Running CONVERT(VALUE, 'WE8ISO8859P1', 'UTF8')
- shows correct value, but the encoding doesn't look like UTF8...
If I try to insert same letter manually, the select query returns correct char.
The Dump shows 195,179 which is correct UTF8 code.
Running CONVERT(VALUE, 'WE8ISO8859P1', 'UTF8')
- fails
ORA-29275: partial multibyte character
Which is strange because 195,179 is indeed UTF8.
Please clarify the above to me.
Upvotes: 0
Views: 2297
Reputation: 59436
Value Typ=1 Len=4 CharacterSet=AL32UTF8: c3,83,c2,b3
was obviously inserted wrongly.
It happened when the client sent the characters as UTF-8 but the database treated this data as WE8ISO8859P1.
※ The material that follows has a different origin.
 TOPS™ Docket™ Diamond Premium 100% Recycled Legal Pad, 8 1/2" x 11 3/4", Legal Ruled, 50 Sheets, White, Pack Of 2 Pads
If the client sends data as UTF-8 then you must also set NLS_LANG=.AL32UTF8
(language and territory are optional and not relevant here).
However when you run sqlplus then sqlplus inherits character set from command line which seems to be ISO 8859-1. So before you start sqlplus you must run export NLS_LANG=.WE8ISO8859P1
in order to set it properly.
I create a table with your data:
SELECT
val,
DUMP(val, 1016) as dump_val,
DUMP(CONVERT(VAL, 'WE8ISO8859P1'), 1016) as conv_dump
FROM AA;
+-------------------------------------------------------------------------------------------+
|VAL|DUMP_VAL |CONV_DUMP |
+-------------------------------------------------------------------------------------------+
|ó |Typ=1 Len=4 CharacterSet=AL32UTF8: c3,83,c2,b3|Typ=1 Len=2 CharacterSet=AL32UTF8: c3,b3|
|ó |Typ=1 Len=2 CharacterSet=AL32UTF8: c3,b3 |Typ=1 Len=1 CharacterSet=AL32UTF8: f3 |
+-------------------------------------------------------------------------------------------+
Row 1 shows corrupt data, row 2 is fine.
CONVERT(VAL, 'WE8ISO8859P1')
is used to convert corrupt data to correct character set, so conversion of CONVERT(UTL_RAW.CAST_TO_VARCHAR2('C383C2B3'), 'WE8ISO8859P1')
is fine.
However CONVERT(UTL_RAW.CAST_TO_VARCHAR2('C3B3'), 'WE8ISO8859P1')
would return hex F3
which is not a valid UTF-8 byte sequence, thus you get an ORA-29275.
Upvotes: 1